Well, given that a child thread's dynamic access control context should
include the dynamic context of the parent thread at the point where the
thread was spawned, No.

What I describe is a (provably) correct implementation.

> the answer is "no, parent and child must divide share their quotas" then 
> there is a load balancing problem. If the answer is "yes", then there's 

There is no load balancing problem assuming you are synchronized on the
thread-create point, which is not a major overhead, since that pretty
much has to be a synchronization point in the kernel anyway.

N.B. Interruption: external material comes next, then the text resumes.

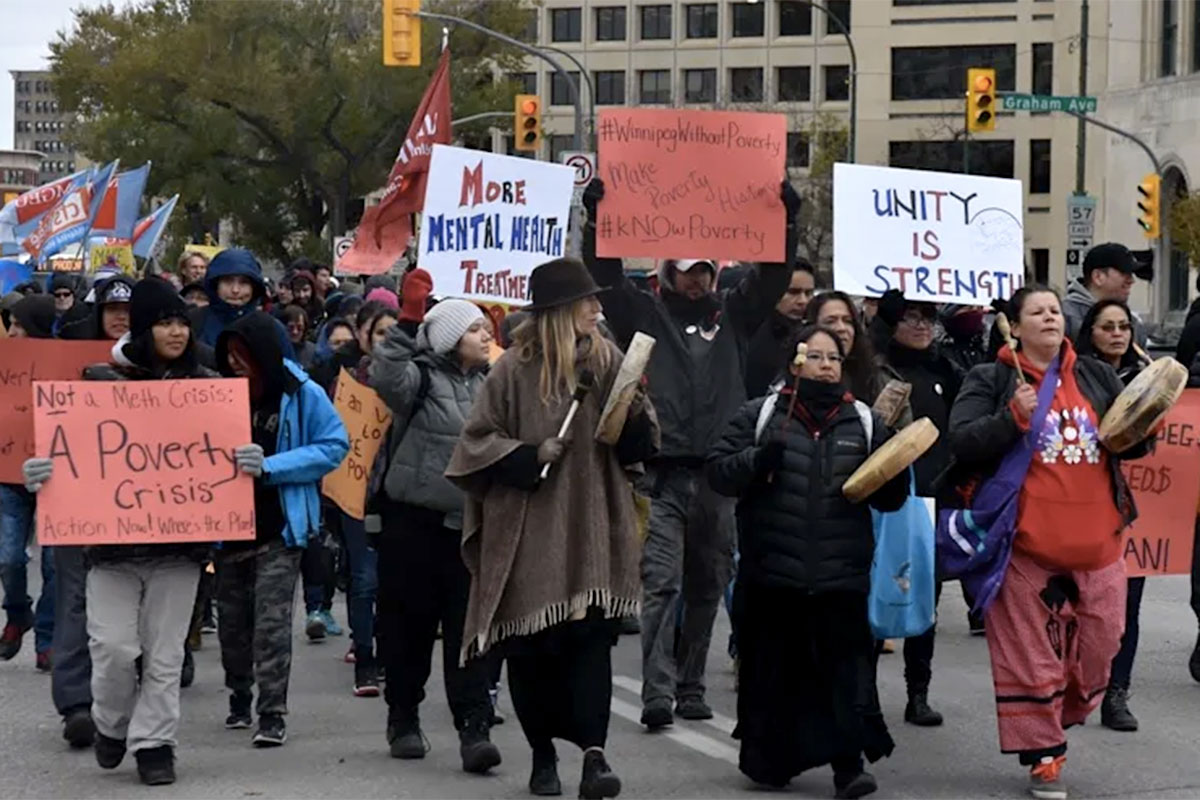 Anti-poverty protesters march in downtown Winnipeg in 2018. Andrew Tod/Manitoba Federation of Labour, Author provided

> no real protection at all. A threads-per-second limit isn't an answer 
> here, either (a malicious app could sit around for a few hours, 
> launching threads at a low intensity, until it has enough to bring down 
> the system).
> 
> Is a thread really the right thing to apply these limits to? It seems to 

Limits are applied to privilege sets, not to threads.

> me that there needs to be some sort of token (cf. cash; cf "capability") 
> that an application can obtain/spend/refresh to do these ops. An 

Yes, that's about the same.

> application could share its token(s) with any threads it creates. It 
> could probably even "loan" its token to a backgroud thread that does 
> some operation on behalf of many other threads.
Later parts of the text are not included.